The arrival of gram panchayat members from rival parties is significant as it will help TMC to increase its mass base, which in turn will help the party win more seats in panchayat elections scheduled to be held in 2018, barely two years later.
TMC won the Nayagram Assembly constituency, a former CPI(M) bastion, in the 2011 Assembly
election, when Dulal Murmu defeated his nearest rival Bhutnath Soren of CPI(M).
But the gram panchayat remained under the control of CPI(M) and even in the 2013 panchayat election the party retained the seat.
The development work carried out by Chief Minister Mamata Banerjee has paid heavy dividends, resulting in massive erosion in the CPI(M) support base.
In the 2016 Assembly election, Murmu retained the seat, defeating his rivals by over 43,000 votes. The Congress candidate representing the alliance got only 14,000 votes, while BJP got 55, 140 votes
Local TMC leaders maintained that many CPI(M) and Congress supporters would join their party or the Bharatiya Janata Party (BJP) soon and in the future, the fight would be between TMC and BJP.
CPI(M) leaders in Kolkata are apprehensive that there would be mass exodus of party workers, who
would join either TMC or BJP after the central committee meeting scheduled to be held in Delhi between June 18 and 20.
CPI(M) leaders said that like the politburo, the central committee will also issue a statement against the alliance with Congress.
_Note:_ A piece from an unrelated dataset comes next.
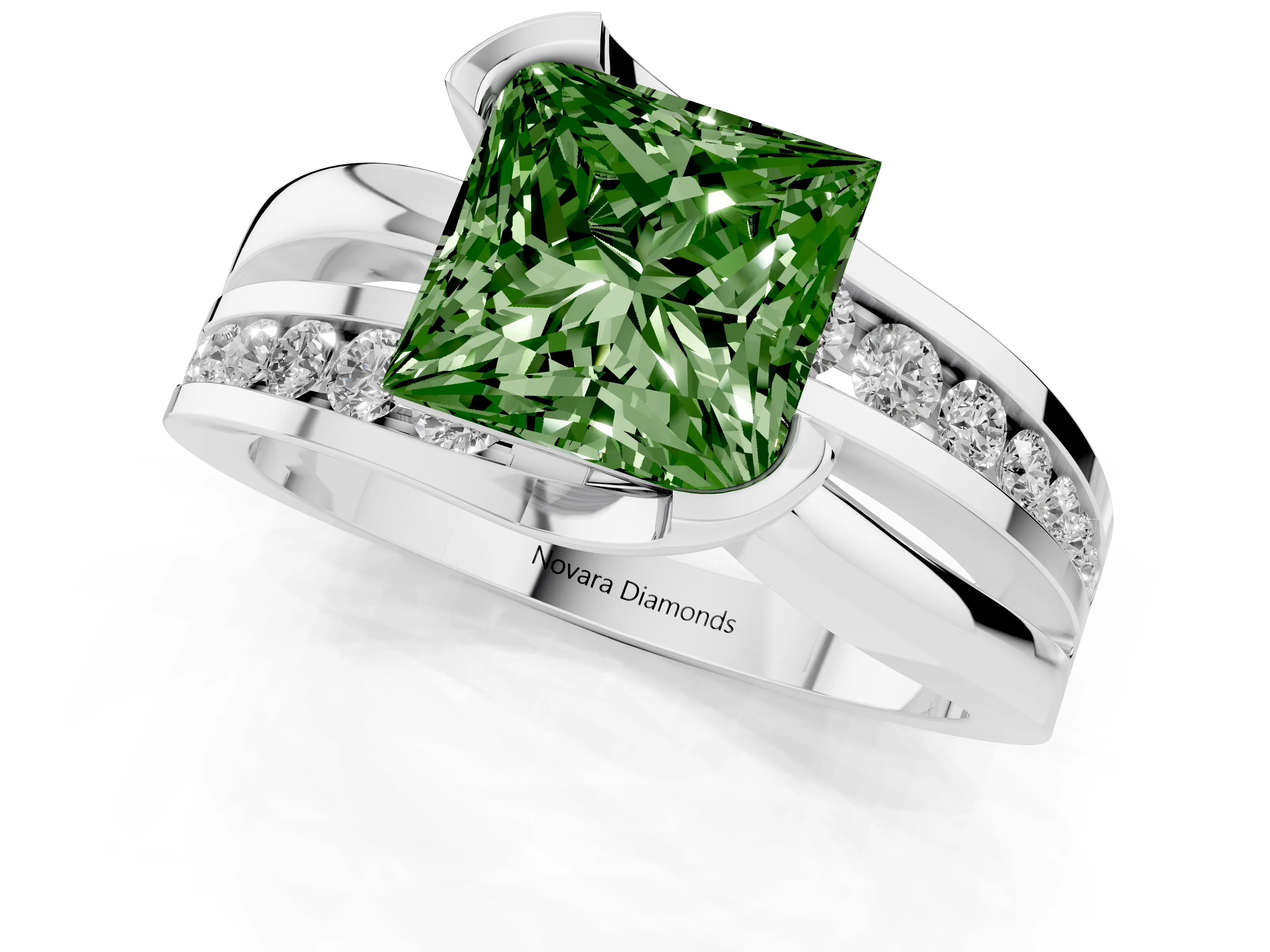 Fancy Green Princess Cut Diamond Solitaire Ring Set in Silver with Channel Set Split Shank and Tension Prongs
Once it is formally announced by the party, many rank and file who did not support the alliance will shift their allegiance. As CPI(M) is facing acute financial crunch, many full timers may also cross the floor.
CPI(M) leaders said it would be difficult to bring young members to the party’s fold because of poor mid-level leadership.Earlier, these leaders used to be in touch with the younger generation and bring them to the party’s fold.